Disímiles textos caribeños se han encargado de referenciar estos duros acontecimientos. Habría mucho para nombrar, tales son los casos, por ejemplo, de La grande drive des esprits, de Gisèle Pineau –con acercamiento al ciclón de 1928, también conocido por su terrible efecto sobre Puerto Rico– y de Jamaica Kincaid quien, en Autobiografía de mi madre, describe con notable lucidez la temporada de fuertes lluvias en Dominica. Todo ello sin olvidar que esas fuerzas naturales han formado parte de repertorios musicales: ahí quedan las canciones El huracán y la palma, de Sindo Garay o El trío y el ciclón, de Miguel Matamoros. Han nombrado importantes publicaciones (como la revista literaria cubana Ciclón). Han estado en el centro de producciones pictóricas (como el apoteósico Huracán, pintado sobre yute por Wifredo Lam) y servido de eje central a documentales, como Ciclón, del director de cine Santiago Álvarez, sobre Flora, el terrible temporal de 1963. A esa tradición larga y dolorosa se sumó bastante recientemente la narradora boricua Mayra Santos Febres con su novela Antes que llegue la luz donde retrató la angustia del paso de María por su natal Puerto Rico.
Sin embargo, confieso que tengo muy presente un texto que Gerty Dambury, narradora, poeta y dramaturga guadalupana publicó modestamente en la inmediatez de Facebook. Una crónica intensa y conmovedora escrita en horas de zozobra cuando María azotaba sin piedad su Guadalupe querida. Un relato desgarrador y de impresionante carga solidaria. Un texto donde la poesía de su escritura no ocultaba lo que bien sabemos: que “los ciclones revelan todo el desastre de la pobreza que, en el día a día, hacemos el esfuerzo para no ver”.
“No hay estadísticas del alma”, dijo Eduardo Galeano y es cierto. Se puede, quizás, contabilizar derrumbes, casas perdidas, edificios destrozados, pero hay pérdidas imposibles de registrar. Ningún libro, canción, pintura o investigación llegará a conseguirlo.
En 2016, el huracán Mathew se detuvo en Cuba y Baracoa, la villa primada, quedó destrozada. Lo recuerdo como si hubiera sucedido ayer, o esta misma mañana y no hace casi ocho años ya. Las carreteras fueron interrumpidas y quedó un enorme vacío donde antes había balcones que disfrutaban su propio reflejo en el mar. A eso es a lo que llamo desarraigo en tierra propia. Hablo de perder, de golpe, la escuela primaria, la esquina de los primeros encuentros, las cartas, las fotografías, el aliento.

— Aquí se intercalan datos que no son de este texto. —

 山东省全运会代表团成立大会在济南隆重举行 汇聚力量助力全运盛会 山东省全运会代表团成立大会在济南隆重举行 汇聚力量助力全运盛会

El nombre Baracoa significa “presencia de mar” y eso es lo que sucedió: el mar volvió porque sí, a reconquistar a todo precio, a imponerse a como diera lugar. Hubo edificios donde las olas azotaron tanto, llegaron tan alto y el viento sopló tan fuerte, que se perdieron las escaleras para ascender a los pisos superiores. Solo quedó un vacío entre un apartamento y otro, un enorme tajazo en la vida vecinal.
La primera capital cubana quedó a ras de suelo. El enclave de mayor presencia indígena fue arrasado. La mezcla de arawacos, españoles, africanos, criollos y emigrantes haitianos y franceses fue sepultada bajo los escombros. El huracán Mathew usurpó la realidad y la retorció. Nuestra Señora de la Asunción de Baracoa que siempre fue una fuerza de la naturaleza se vino abajo ante otra fuerza, implacable, despiadada, irrespetuosa.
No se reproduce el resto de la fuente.